Losing your job may also mean losing your health insurance, or having the option to buy it out. Consider what the best option is for you, and factor it into your budget. Every employer will have a different benefits plan with (or without) health, dental, and vision, so you will have to make the best decision for yourself. Just keep in mind finances and healthcare are both things you should assess immediately after you are let go.

3. Update Everything

If you are going to head right back into the workforce, you should start doing the appropriate prep work. This means a few things. First, you should update your resume if you haven’t already. Ideally you would be updating it constantly, but that doesn’t always happen. If you haven’t updated it in a while, take time right after you are let go to jot down all of your responsibilities in your past job. If you take too long to do this, you may forget certain things and not be able to include them in your resume.

You should also be updating your social media profiles. LinkedIn is first and foremost, but everything should be updated to exude professionalism. On LinkedIn, make sure your information is up to date, and reflects the work you’ve done most recently. It should line up perfectly with your resume. On Facebook, Twitter, Instagram, etc., ensure that you don’t have anything that would worry a recruiter. Once you update your online presence, it’s time to move onto your network.

4. Reach Out to Your Network

Now that you have everything updated, you can start working on getting your job search off the ground. Instead of applying to jobs right away, you should check in with your network. Let them know the status of your employment, and that you are looking for your next opportunity. If there is someone you think may have an opportunity for you, reach out! Also, if you have a mentor or someone you go to for career advice, you should definitely have a conversation with them.

It’s smart to let these people know early on that you are beginning your job search, so they can help you in any way they can. If you see a job you want to apply to, and know someone at that company, you’ve already been talking with them. You never want to lead off asking for help. There should always be a give and take with your network, so make sure you aren’t just asking for help and never returning the favor.

5. Start Looking For a New Job

Now it’s time for the main event! You may feel like you want to take some time off, or travel. This is all well and good, but you may be missing out on great opportunities during that time. The likelihood that you begin your search and find a job immediately is very low. Also, if you wait too long to begin your search, many employer will wonder why you were out of the workforce for so long. So usually it’s smart to start your search as soon as you can.

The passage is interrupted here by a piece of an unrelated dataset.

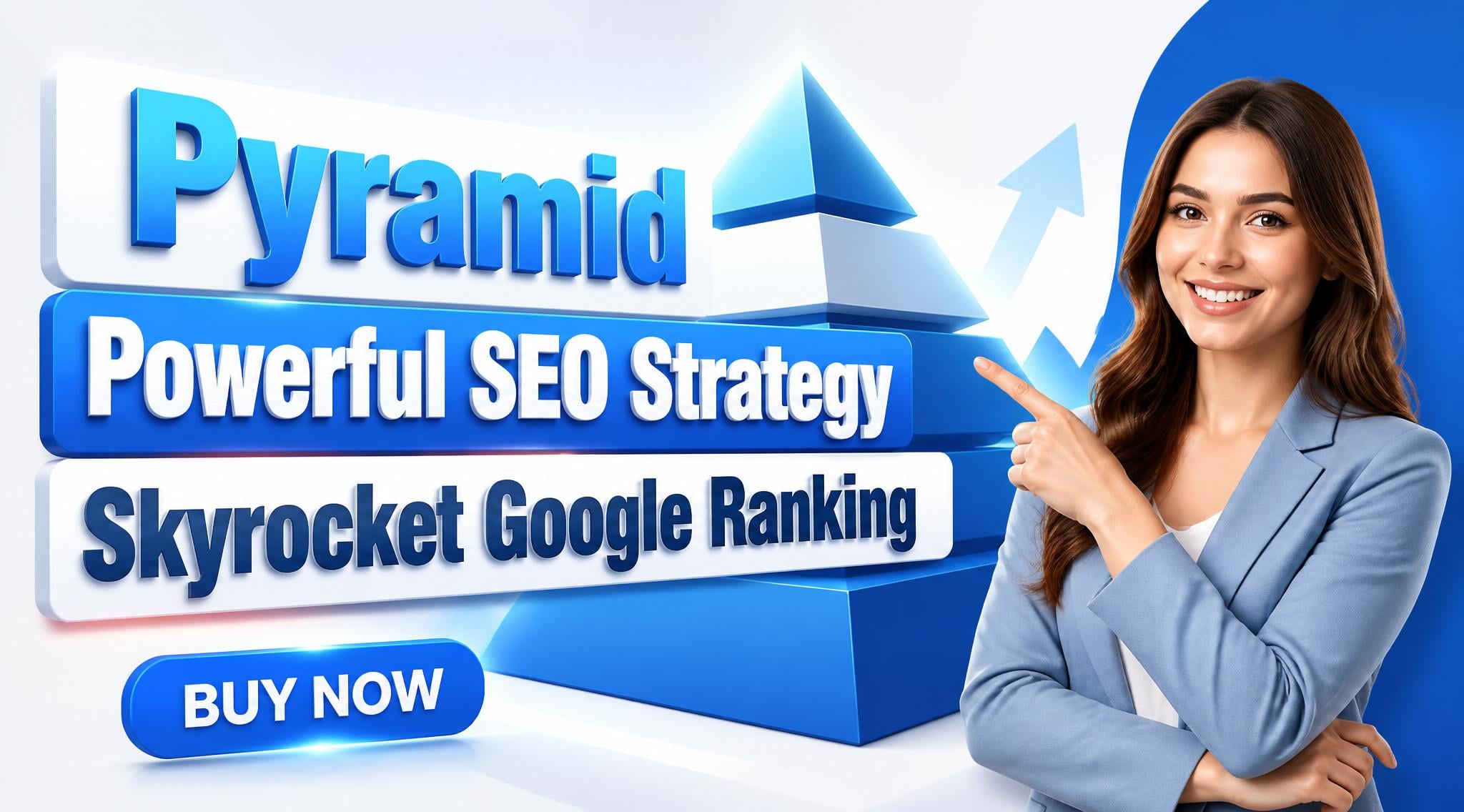 Powerful SEO Strategy Backlink pyramid for Skyrocket ...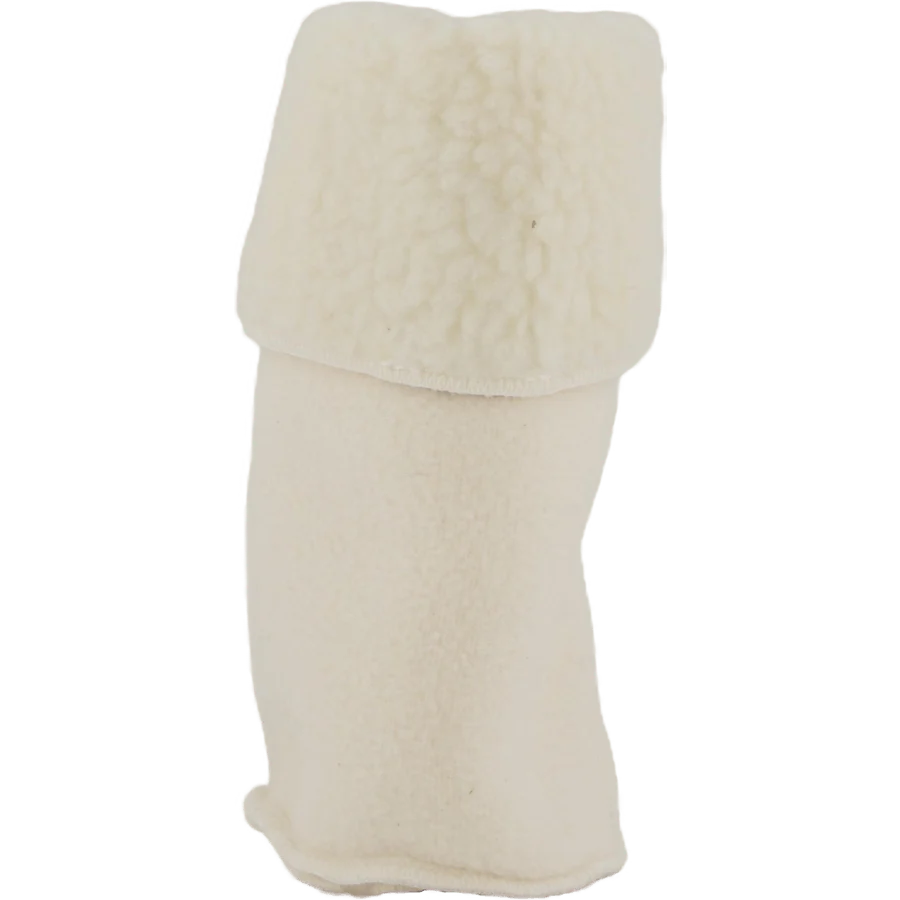 Stonz Bootie Liners White - Image 7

If you’ve followed the steps above, you should be prepared to start looking for a new job. You’ve checked in with your network, your social media is professional, and your resume is up to date. Start sending in applications, but make sure you keep track of where you’ve applied. You may also want to consider reaching out to a recruiter to help you find your next job. The sooner you begin working at it, the sooner you will find a job. Another important thing- treat your job search like your new full time job. It’s easy to get lazy and procrastinate. Try to keep a schedule similar to the one you had when you were employed. That way, you give yourself plenty of time, and you are used to being productive.

Dealing with job loss is certainly an uphill battle. However, if you make the right choices and follow the right steps, you can land on your feet. We hope this list helps you find your next opportunity, and wish you the best of luck in your search!